I didn't buy his book. For one thing, no matter how funny it was, I hadn't got a sense of humour and it would therefore have been a waste of money in my hands. For another, I wanted to get a quick meal. It wasn't as quick as I hoped, and I had to eat it at the bar, in conversation with a local artist-photographer called Pete. It was a big plate of pub grub.


I managed to eat it all. I don't think Terry Waite would have detected my chip-breath.

Friday, 23 October 2015

Ann Widdecombe

One of the first speakers I saw at the Appledore Book Festival in late September was Ann Widdecombe, once a Minister in John Major's Conservative government of the 1990s.


Already an author - see the titles above - she retired from politics in 2010 and plunged into the national 'speaking circuit'. On holiday, I seemed to see posters all over the place, saying that Ann Widdecombe would be speaking at this or that local venue. She seemed assiduous in getting around the country and making her viewpoint known. It was certainly a good way to put her personality (and personal history) across to the general public. I have little doubt that despite holding some contentious beliefs - some of them rather cross-grained, and against what you might regard as the lax mainstream of modern British life - an awful lot of people wanted to listen to what she had to say, even if they felt opposed to her own way of looking at things. This had been how I felt too. I couldn't share her religiosity in any way, and found her over-dogmatic on several topics. But it didn't dampen my keenness to hear her if the opportunity came. Well, it did come. I wasn't disappointed.

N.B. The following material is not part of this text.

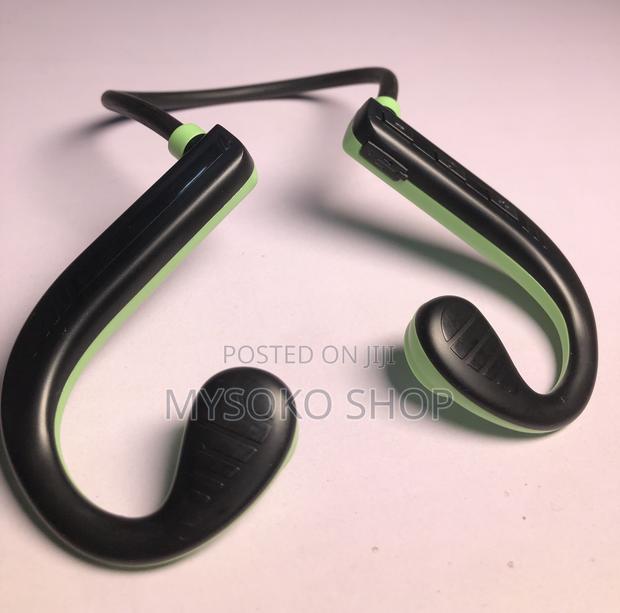 W10 Bone Conduction Neckband - thumbnail 2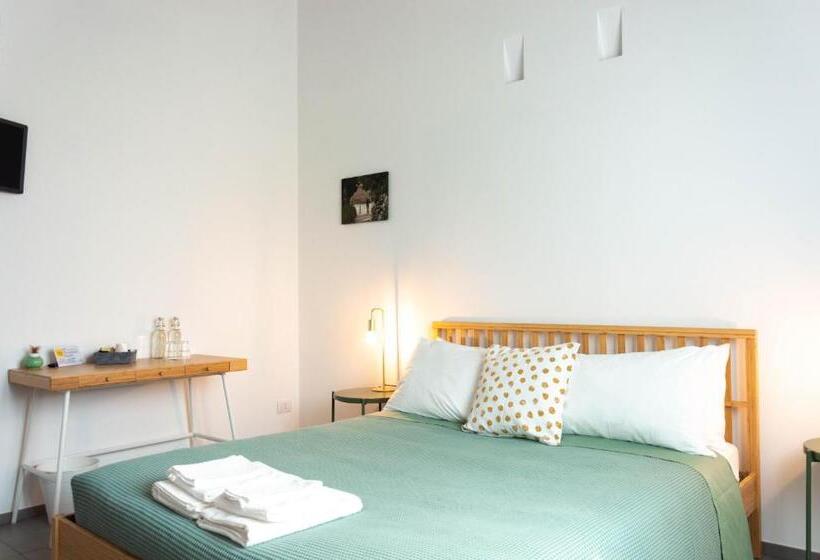 בית מלון כפרי La Silvana B&b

The Church at Appledore was packed, mostly by women. A lot of people see Ann Widdecombe as the epitome of the no-nonsense, dauntless, outspoken woman, somebody who has plenty to say and says it well. I wasn't quite in the front row, but I had a good view of her throughout. Here she came:


She'd just written another book, of course, but concentrated on how she began to write, and the various problems that beset an author who was a former politician - for instance, how it took a very long time for politically-minded acquaintances to accept that she had retired from that kind of public life, and did not have to pay any heed to 'what voters might think'. Or how the subject-matter of the books themselves was derived.

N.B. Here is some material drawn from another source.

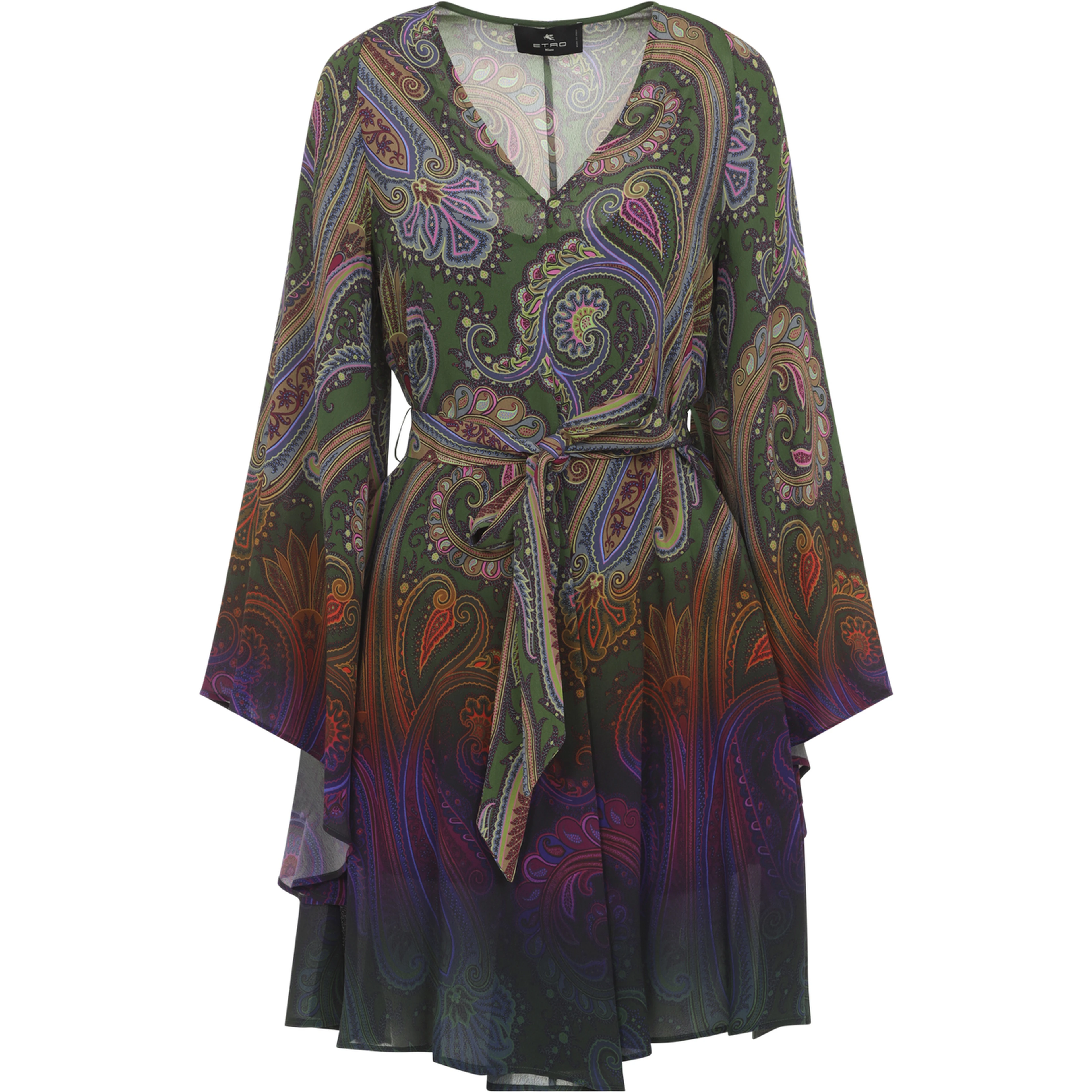 Etro Mini Dress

She triumphed over portliness. I'm not sure I would myself have worn riding boots with that green dress, but nevertheless they looked very expensive, no-nonsense riding boots, and they definitely assisted her stage presence. As if it needed any assistance whatever! She was a clear, frank speaker, who did not mince her words. She gave quick, definite replies to questions. It was most refreshing to hear somebody who did not hedge or prevaricate. She spoke her mind - exactly what the audience wanted. I felt great admiration for her. Here are some shots, which radiate aspects of her forceful personality:


No, she wasn't looking directly at me! (Or at least I hope not!)


In the next shot, she was directing the lady with the roving cordless mike to some person in a back row, who wanted to ask a question. It was very much on the lines of 'That lady in blue three rows in front of the font, seven in, sitting next to the man with the green jacket and red hair!'


When she had had her hour (which I'm pretty sure over-ran) she left to lots of smiles and a great clapping:


I could have joined her in St Mary's Hall, where she was signing books. But I was waylaid by friends Jayne and Vicky, and walked away chatting to Jayne. But actually, I'm not sure whether the feeble Melford personality could have withstood the exposure of sitting close to this most formidable woman at the signing-table - or at least, I'd have been much more comfortable talking to her in a less formal kind of social situation. But it was not to be.

I'd certainly like to hear her speak again.